Exporting Elasticsearch data
Dejavu, "The missing Web UI for Elasticsearch," provides easy to use Elasticsearch data export functionality. Depending upon the sensitivity of your data, you can use the public site or check out the contributing guidelines to run the app locally.
Once connected to your target Elasticsearch instance, export as JSON to download your data.
Formatting Exported Data for Import
After downloading a dump of your targeted Elasticsearch instance's data, we need to format the data for import into our local Elasticsearch Docker instance.
As the JSON format exported from Dejavu may not be in the correct JSON format, use module.exports
to expose the Elasticsearch data as an array of objects and update the file extension to .js
.
dejavuExport.js
modules.exports = [
{ ... Dejavu Export }
]
Then, use this script, or an alteration thereof, to format the Dejavu export into a data binary consumable by Elasticsearch.
const fs = require('fs')
const dejavuExport = require('./dejavuExport)

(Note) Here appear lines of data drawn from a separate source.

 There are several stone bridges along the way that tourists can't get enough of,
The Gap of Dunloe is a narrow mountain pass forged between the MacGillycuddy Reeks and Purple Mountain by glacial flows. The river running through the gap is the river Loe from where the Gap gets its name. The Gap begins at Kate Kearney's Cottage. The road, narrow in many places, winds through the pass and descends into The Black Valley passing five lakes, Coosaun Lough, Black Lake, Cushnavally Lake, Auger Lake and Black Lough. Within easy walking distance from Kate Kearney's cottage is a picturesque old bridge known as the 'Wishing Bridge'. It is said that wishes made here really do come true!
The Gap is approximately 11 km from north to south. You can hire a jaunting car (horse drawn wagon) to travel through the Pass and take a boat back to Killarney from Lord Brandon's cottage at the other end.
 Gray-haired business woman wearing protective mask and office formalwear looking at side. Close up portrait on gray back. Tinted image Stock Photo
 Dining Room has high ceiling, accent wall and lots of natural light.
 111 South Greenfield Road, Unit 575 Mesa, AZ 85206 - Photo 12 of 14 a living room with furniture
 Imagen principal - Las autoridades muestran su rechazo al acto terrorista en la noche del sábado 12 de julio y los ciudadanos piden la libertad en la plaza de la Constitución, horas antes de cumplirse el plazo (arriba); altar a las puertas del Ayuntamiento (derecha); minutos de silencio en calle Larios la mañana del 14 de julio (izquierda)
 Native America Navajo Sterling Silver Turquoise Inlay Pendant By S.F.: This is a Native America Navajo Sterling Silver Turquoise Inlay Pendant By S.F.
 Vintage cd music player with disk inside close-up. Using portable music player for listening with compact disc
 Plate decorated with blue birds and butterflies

async function appendRecord(record, index) {
const recordIndex = `{"index":{"_id":"${ index }"}}`
const input = `${ recordIndex }\n${ JSON.stringify(record) }\n`
return new Promise((resolve, reject) => {
fs.appendFile('./output.json', input, (err) => {
if (err) {
reject(err)
}
resolve()
})
})
}
async function formatBinary() {
dejavuExport.reduce(async (prevPromise, record, index) => {
await prevPromise()
return appendRecord(record, index)
}, Promise.resolve())
}
formatBinary()
Running Elasticsearch with Docker
First, pull the desired Elasticsearch version. Here's a list of the available ES versions.
docker pull docker.elastic.co/elasticsearch/elasticsearch:7.0.0
Then, run it
docker run -p 9200:9200 -p 9300:9300 -e "discovery.type=single-node" docker.elastic.co/elasticsearch/elasticsearch:7.0.0
And create a new index
curl -X PUT "localhost:9200/__my_new_index__?pretty"
curl -X GET "localhost:9200/_cat/indices?v"
Bulk Import Data into Elasticsearch
curl -H "Content-Type: application/json" -XPOST "localhost:9200/__my_new_index__/_bulk?pretty&refresh" --data-binary @output.json
Use the Elasticsearch Bulk API to import the formatted output.json into your local Docker Elasticsearch instance. After running the following, your local Docker Elasticsearch instance's new index should contain all of your previously exported data.